Die Botschaft tritt offen zutage. Das Dilemma ist ein doppeltes: Die klassische Familie hat sich in der vorigen Generation oft aufzulösen begonnen. Nun finden sich die davon Verwundeten in vermeintlich unbegrenzten Möglichkeiten wieder. Wohin mit all der Freiheit? Und wie viel von den vermeintlich überwundenen klassischen Mustern kann dennoch richtig sein? Oder ist das nur dem eigenen Verlusttrauma der Trennungskinder geschuldet?
Wenn das kein Stoff für Literatur ist! Roche und Kuttner aber verweigern sich diesem Anspruch. Dem schwellenlosen Format von Comedy-Serien wie „Sex and the City“ nachempfunden, im schnoddrigen Ton von Bloggern, mit Westentaschenpsychologie und viel Lebensgefühl, sehr körperlich und rauschbereit breiten beide diese Untiefen aus.
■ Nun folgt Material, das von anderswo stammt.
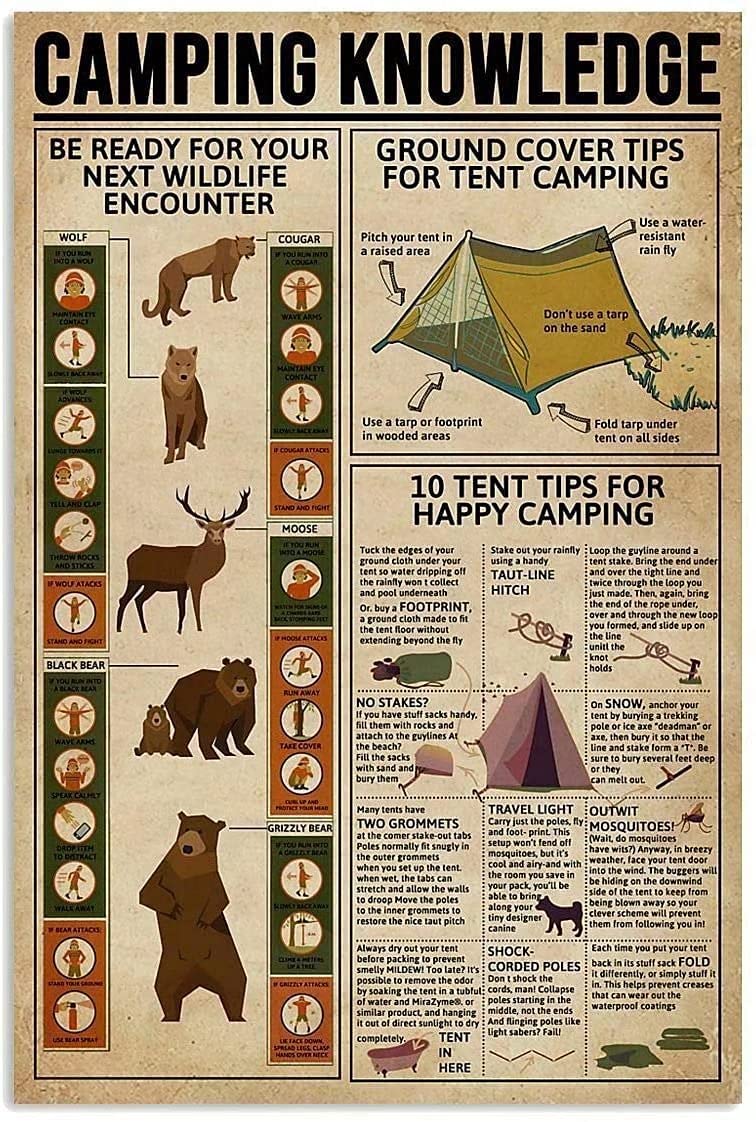 Tin Sign Camping Knowledge Metal Sign,Garage Man Cave Decoration Club Bar Sign Novelty And Interesting Bathroom Wall Decoration 8X12 Inches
Das lässt sich durchaus als eine neue Form der Emanzipation verstehen, die nicht wie gesellschaftlicher Klassenkampf daherkommt, sondern als das heutige Drama der Individualität in seiner geschlechtsspezifischen Erscheinung.
Gerade weil die Freiheit zum Ich und die Verurteilung zur Wahl eines persönlichen Sinn- und Lebensmodells aber in unserer modernen Wohlstandsexistenz ein allgemeines Schicksal ist, wird aus den privaten Offenbarungen ein Generationenbefund. Das kann, wenn sich die Leserinnen nicht nur einfach amüsieren, also durchaus etwas Emanzipatorisches haben – im Sinne einer Selbstaufklärung. Mit Feminismus aber hat das trotzdem nichts mehr zu tun.